Creating a SQL or PySpark Feature
Overview
In this example, we create a simple feature using a TemporalFeaturePackage
. This example does not contain code examples for other Feature Package types, such as TemporalAggregateFeaturePackage
s or OnlineFeaturePackage
s, but the workflow for creating these features is very similar.
The process of creating a Feature Package comprises these steps:
- Defining a Transformation
- Defining a Feature Package
- Applying the Feature Package
- Viewing and previewing the Feature Package
The Feature Package in the code below is based on a single data source and one SQL transformation.
Defining a Transformation
Create a new file in your feature repository and add the following code:
from tecton import sql_transformation, TemporalFeaturePackage, MaterializationConfig
@sql_transformation(inputs=data_sources.ad_impressions_batch, has_context=True)

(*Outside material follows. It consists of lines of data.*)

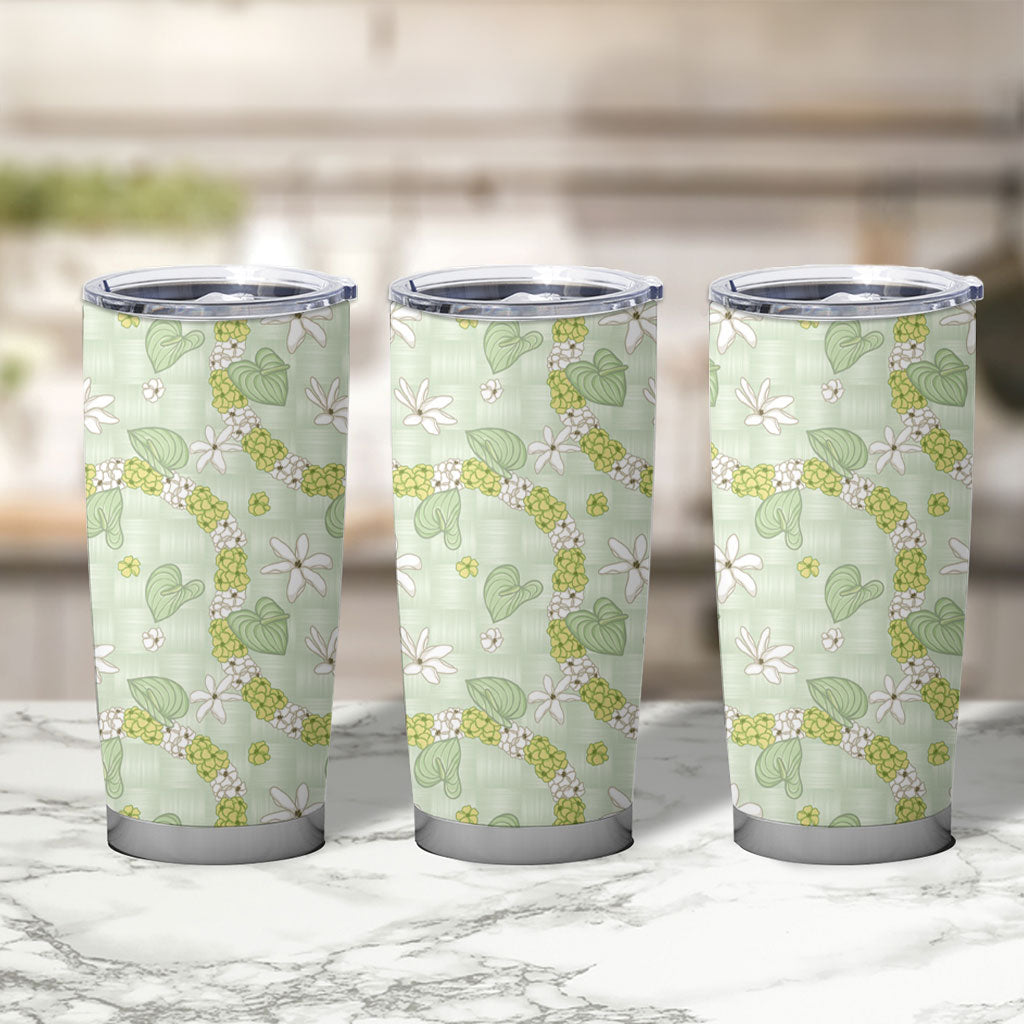 Hawaii Anthurium Tiare Pikake Lei Tumbler Cup Sage Green Lauhala Art Pattern
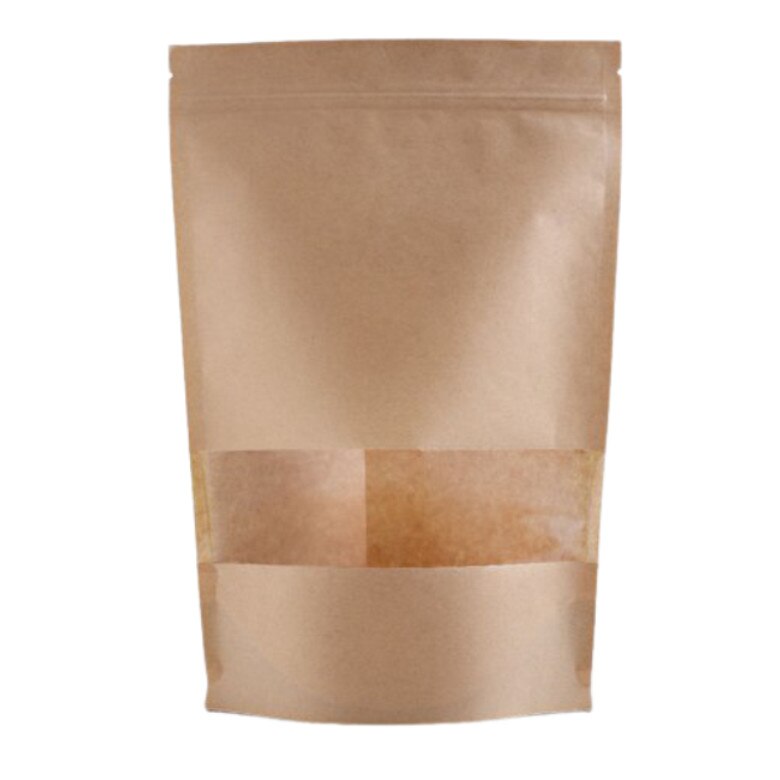 Set 100 Pungi tip stand-up pouch cu fereastra si fermoar ziplock, MSG, natur , 8x14+5 cm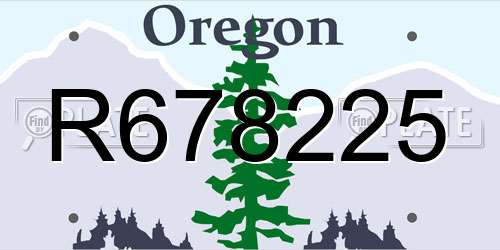 R678225 Oregon License Plate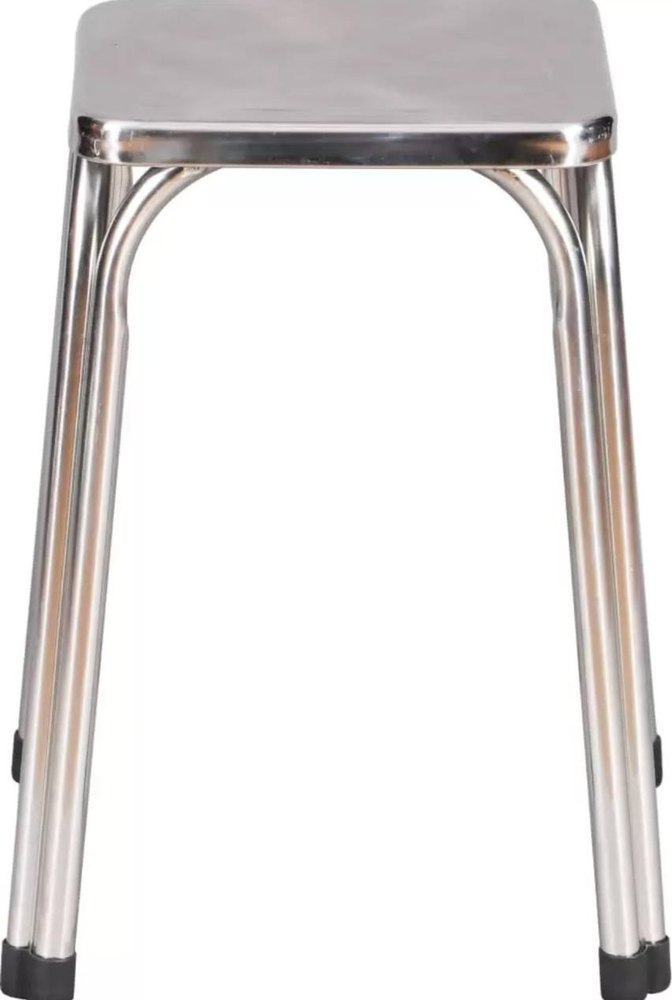 Polished Silver Steel Stool
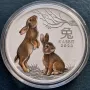 1 oz, Цветен лунар, 2023, Година на заека, снимка 2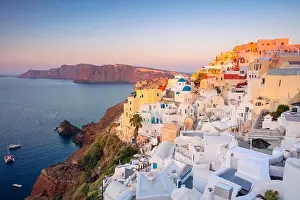 Oia, Santorini. Image of famous village Oia located at one of Cyclades island of Santorini, South Aegean, Greece
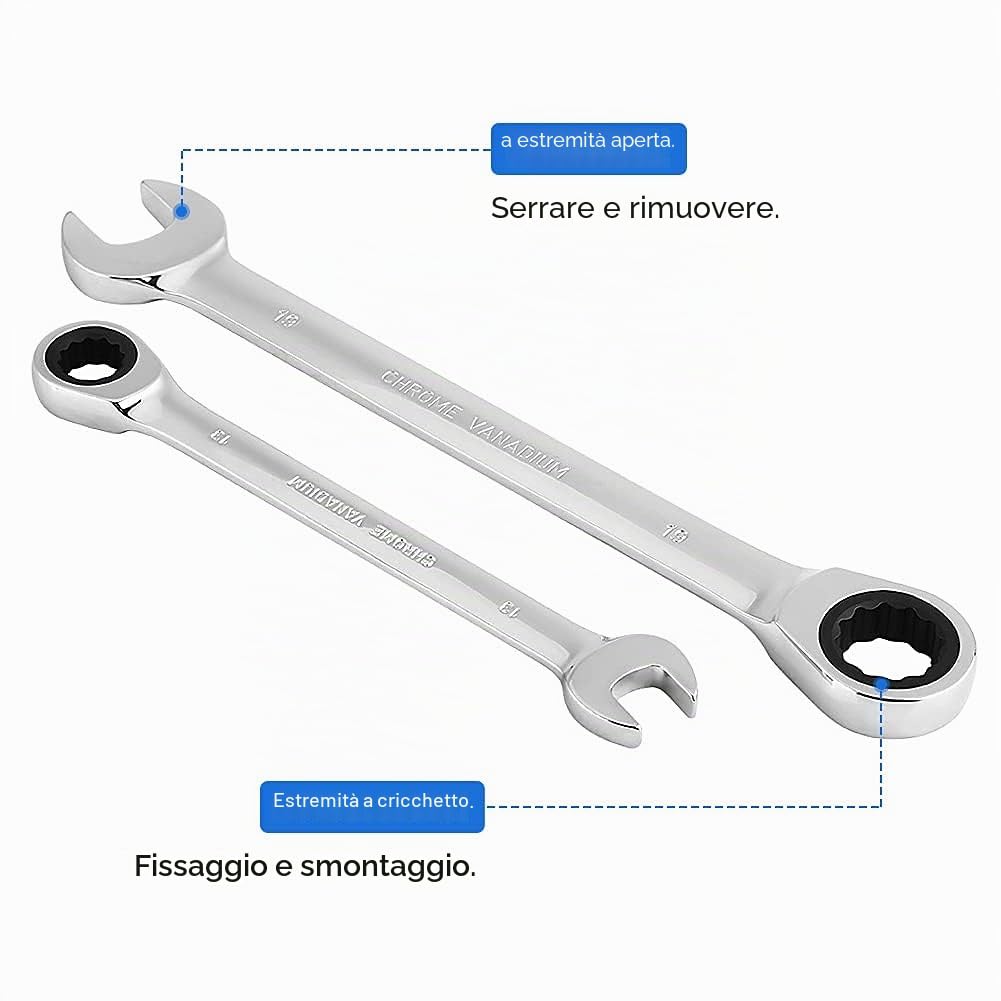 Set di Chiavi a Cricchetto Professionale, 12 Pezzi, Argento/Nero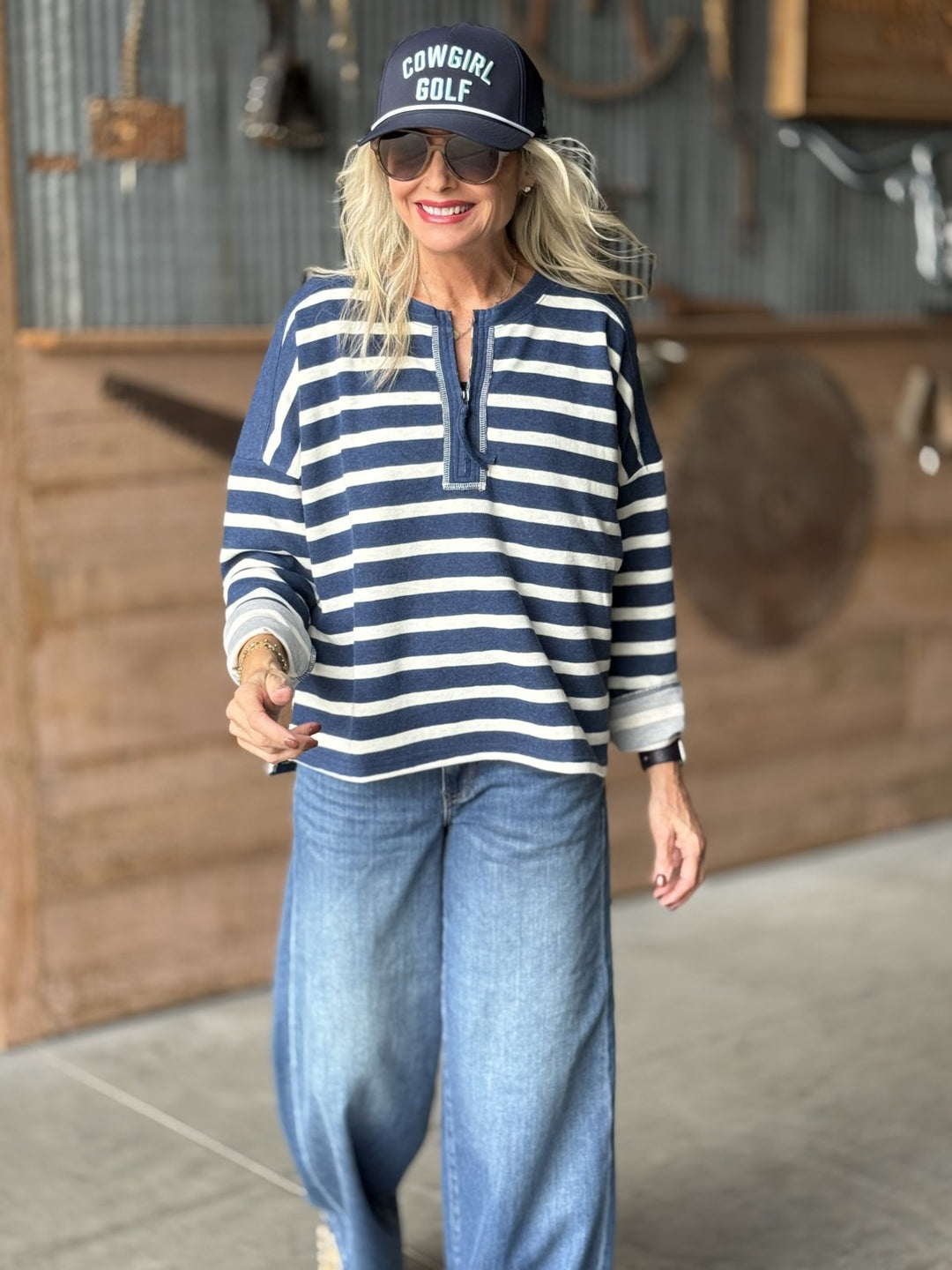 Stripe Drop Shoulder 1/4 Zip Lightweight Sweater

def partner_ctr_performance_transformer(context, ad_impressions_batch):
return f"""
SELECT
partner_id,
sum(clicked) / count(*) as partner_total_ctr,
to_timestamp('{context.feature_data_end_time}') as timestamp
FROM
{ad_impressions_batch}
GROUP BY
partner_id
"""
A Transformation is a primitive in Tecton that builds features from raw data. In this example, we are defining a SQL Transformation, which runs a SQL SELECT
statement on incoming data. To learn more about how transformations are used, see the Transformations overview or reference documentation.
Defining a Feature Package
Once the Transformation has been defined for a feature, the next step is to use it in a Feature Package. Feature Packages take a number of parameters which serve to manage the feature, including:
- Metadata about the feature(s), which Tecton uses for organization
- References to Transformations (as defined above) and Entities, which describe the logic used to generate feature values from raw data
- Materialization settings that describe how and when Tecton should compute feature values (if at all)
For this example feature, the Materialization settings are set to run as follows:
- Feature values are being stored for training (
offline_enabled
), but not serving (online_enabled
) - The stored training data begins on June 20th, 2020 (
feature_start_time
) - The processing job is run daily (
schedule_interval
); feature values are served for 24h as well (serving_ttl
) - The
data_lookback_period
is set to"7d"
. This parameter works with the context value in the Transformation. It sets thecontext.feature_data_start_time
to be 7 days earlier than the end time. As a result, the feature values are calculated for a span of one week.
Add the following code to your file:
partner_ctr_performance_7d = TemporalFeaturePackage(
name="partner_ctr_performance:7d",
description="[SQL Feature] The aggregate CTR of a partner website (clicks / total impressions) over the past 7 days",
transformation=partner_ctr_performance_transformer,
entities=[e.partner_entity],
materialization=MaterializationConfig(
offline_enabled=True,
online_enabled=False,
feature_start_time=datetime(year=2020, month=6, day=20),
serving_ttl="1d",
schedule_interval="1d",
data_lookback_period="7d"
),
family='ad_serving',
tags={'release': 'development'},
owner="ravi@tecton.ai",
)
Applying the Feature Package
Up until this point, you have written a feature definition in your local repository. In order to use it in Tecton, you must register it using the Tecton CLI.
To register the feature, run the Tecton CLI command tecton apply
:
$ tecton apply
Using workspace "prod"
✅ Imported 15 Python modules from the feature repository
✅ Collecting local feature declarations
✅ Performing server-side validation of feature declarations
↓↓↓↓↓↓↓↓↓↓↓↓ Plan Start ↓↓↓↓↓↓↓↓↓↓
+ Create Transformation
name: partner_ctr_performance_transformer
+ Create FeaturePackage
name: partner_ctr_performance:7d
transformation: partner_ctr_performance_transformer
↑↑↑↑↑↑↑↑↑↑↑↑ Plan End ↑↑↑↑↑↑↑↑↑↑↑↑
Are you sure you want to apply this plan? [y/N]>
Enter y
to apply the FeaturePackage to Tecton.
Once you apply the new Feature Package, Tecton will begin orchestrating and managing the feature within the Feature Store. The feature will be available for access in a Spark notebook for experimentation and training, as well as in production for serving.
Viewing and previewing a Feature
Once a feature has been registered with Tecton, it can be viewed within the Tecton UI. This can be used to view the transformation logic, feature lineage, and the health of the processing jobs for generating feature data.
Once a feature has been registered, it can also be loaded into a Spark notebook. This can be used to preview data, perform additional exploratory analysis, and build training sets.